The appeal of relational systems has been the promise of flexible
access to the database by users far removed from the DP department.
The trend toward decentralized access has been strengthened by the
growth of processing power directly available to individual users, and
by the changing nature of applications themselves.

Relational systems lend themselves well to distributed database, where
by definition there will be fewer, if any, centralized points of
transaction processing activity.  So, an individual site in the
distributed relational database may look "slow" compared to IMS on an
IBM-MVS 3090, but the aggregate throughput of the networked database
can be prodigious.  

This is not to say that there is some theoretical limit to the
performance of individual relational database engines.  Indeed, a major
focus of the industry now is to develop local transaction processing
speeds that rival those of older architectures on a platform of similar
scale.  Today's technology is proving (already has, actually) that the
assertion that relational is slow is out-of-date.  What's more,
relational technology is solving the problems of distributed
applications better than the older architectures, at transaction speeds
that are so far adequate for most applications.  A recent Digital
Review survey asked relational users about their throughput
requirements.  They found that about 90% of applications required no
more than about 12TPS.  This TPS number will surely increase, as will
the ability of relational systems to carry more load.

Organizational reluctance to replace existing non-relational systems
is now very understandable.  Replacements will occur as the economic
benefits of the distributed high-performance relational model increasingly
outweigh the costs of changing.  Actual replacements will be preceded
by gradual integration of RDBMS into the organization's DP framework.
It is important for relational products to allow connection with
existing heterogenous systems, rather than requiring their replacement.
-TW
---
Sybase, Inc. / 6475 Christie Ave. / Emeryville, CA / 94608	  415-596-3500
tim@sybase.com          {pacbell,pyramid,sun,{uunet,ucbvax}!mtxinu}!sybase!tim
	One day, when I can afford enough lawyers, I will speak for
	    a whole company.  For now, I speak just for myself.

swfc@ulysses.att.com (Shu-Wie F Chen) (08/04/90)

In article <10371@sybase.sybase.com>, tim@ohday.sybase.com (Tim Wood) writes:
|>In article <1073@ashton.UUCP> tomr@ashton.UUCP (Tom Rombouts) writes:
|>>Are relational databases an unproven technology regarding
|>>performance?  
|>>
|>>....A key tenet of the report is that RDBMS technology has been
|>>available for 20 years but still has not been proved in large,
|>>complex applications.  The report notes that users associate
|>>these products with poor system performance, even though they may
|>>be flexible and easier to implement.  The article then goes on 
|>>to cite a firm that is reluctant to replace IMS with DB2, and
|>>discusses other sites that use a mixture of relational and
|>>possibly non-relational systems.
|>

[some deleted stuff]

|>
|>Relational systems have so far been deployed in smaller-scale
|>applications than have hierarchical and network systems.  This is due
|>to several factors: relational is "newer" (that is, the technology
|>existed long before successful commercial products) and the older
|>database architectures were deployed in the days when nearly all
|>commercial computing resources were centralized and operating in a
|>batch-processing environment.  In that environment, updates and access
|>to the database are relatively rigidly controlled.

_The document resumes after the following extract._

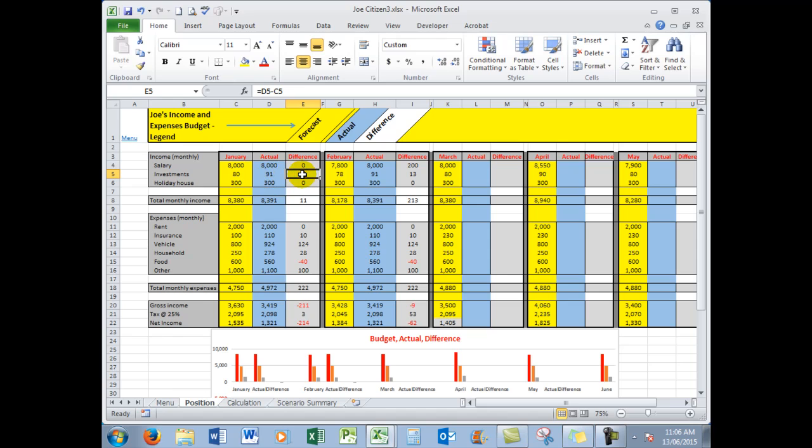The formula here, which I simply achieved by auto-filling the formula into those cells. And then in the cell here in E8, you'll notice that I've added those differences to show me what the total difference was.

I don't see how these reasons (which are not incorrect) explain why
relational systems have so far only been deployed in smaller-scale
applications.

|>
|>The appeal of relational systems has been the promise of flexible
|>access to the database by users far removed from the DP department.

RDBMSs have made two contributions:

1. non-procedural access
2. data independence

I don't see what relational systems have to do with "the promise of
flexible access ... far removed from the DP department."  Are you
implying that network communication or client/server is restricted to
relational systems?

|>The trend toward decentralized access has been strengthened by the
|>growth of processing power directly available to individual users, and
|>by the changing nature of applications themselves.

Hmmm.  Last week I spoke with a Sybase tech support person who said that
Sybase's client/server architecture was geared toward having most of the
computation performed at the server end.  My response was "How about all
that CPU power directly available to the user?"  It seems that Sybase
feels that database computation should not be done at the client end(I
read this as personal workstation) because it would take away CPU cycles
for editing, reading news, etc.  They believe they can overcome the CPU
bottleneck at the server end.  This seems to contradict the above
statement by Tim (who works for Sybase).

[sorry for this digression, but Tim's position (which I agree with)
seems to differ from that of his company's]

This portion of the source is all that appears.